What's in a Business License?

CALABASAS, Calif. (MainStreet) -- Business owners must comply with government requirements regarding business licenses, permits and tax registration -- usually before making their first sale.

But knowing which forms to fill out at the county, state and federal level can be confusing and time-consuming.
Starting a business such as a food truck in Los Angeles would likely required city permits and licenses include a business license, zoning approval and a land use permit, as well as county and state permits and licenses.

"The biggest concern is, 'Did I find them all?' That's where people get nervous," says Deborah Sweeney, CEO of MyCorporation, an online document filing and research assistance service for small businesses forming limited liability companies or corporations.

Sweeney answered a few basic questions on the topic of business licenses.

Why do small-business owners need a business license?

Sweeney: A business license is a type of legal authorization to operate a business in a city, county or state. A license may even be required on a federal level. In order to determine whether or not a license is necessary, you should first check with the state and/or county in which your business is located.

As a general rule, most business need one or more federal, state, county or local licenses or permits in order to operate. Licenses and permits can range from basic to extremely specific, depending on the location and type of the business.
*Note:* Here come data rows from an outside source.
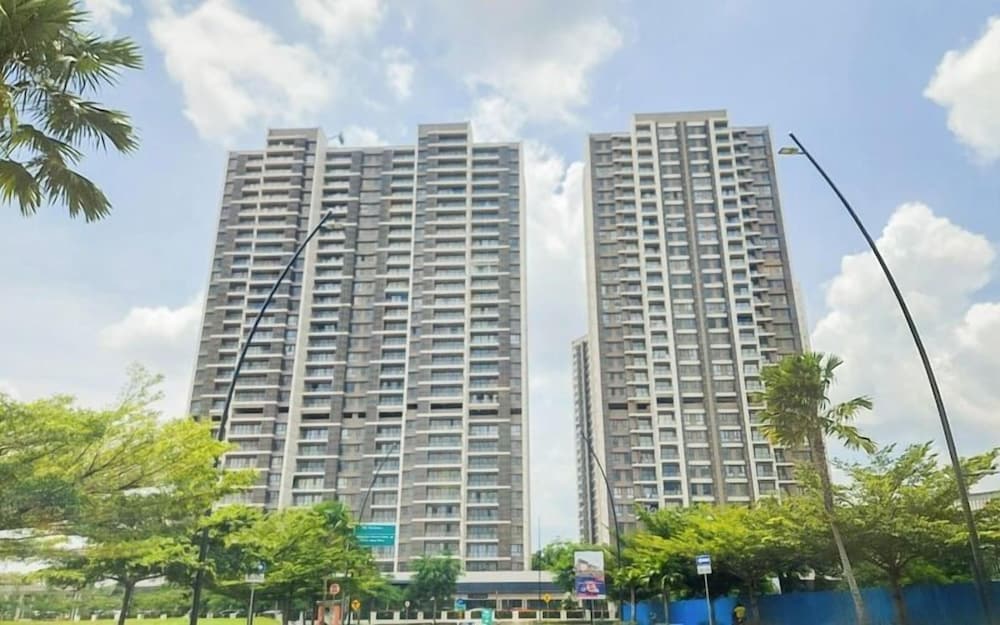 Cozy 3Br Apartment Sky House Bsd Near Aeon And Ice Bsd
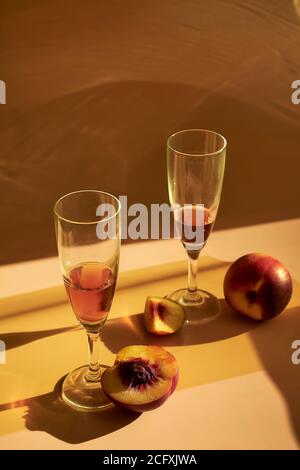 Stillleben von verschiedenen Gläsern und Texturen von Früchten mit harten Schatten, die einen sommerlichen Look geben. Stockfoto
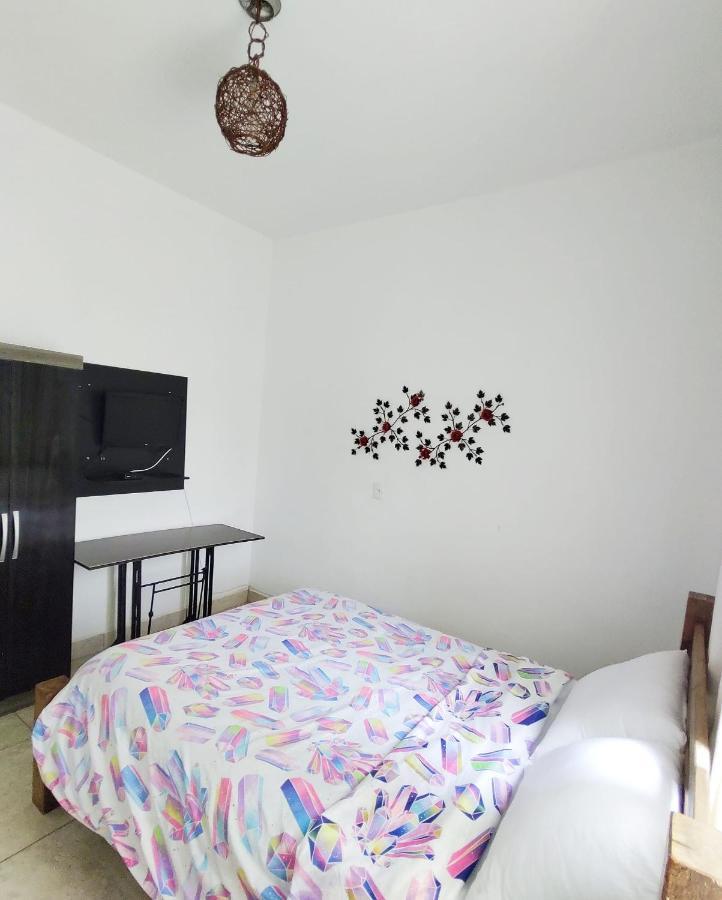 Hostel Dela 티라덴티스 외부 사진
Imagine you want start a sidewalk or street vendor business such as a food truck in Los Angeles. A sample of the city's required permits and licenses include a business license, zoning approval and a land use permit. County permits may include a fictitious-name filing and a public health operating license. State permits and licenses may include occupational safety and health information, sales and use information and workers compensation information.

Do small-business owners need a license if they run their business out of their home?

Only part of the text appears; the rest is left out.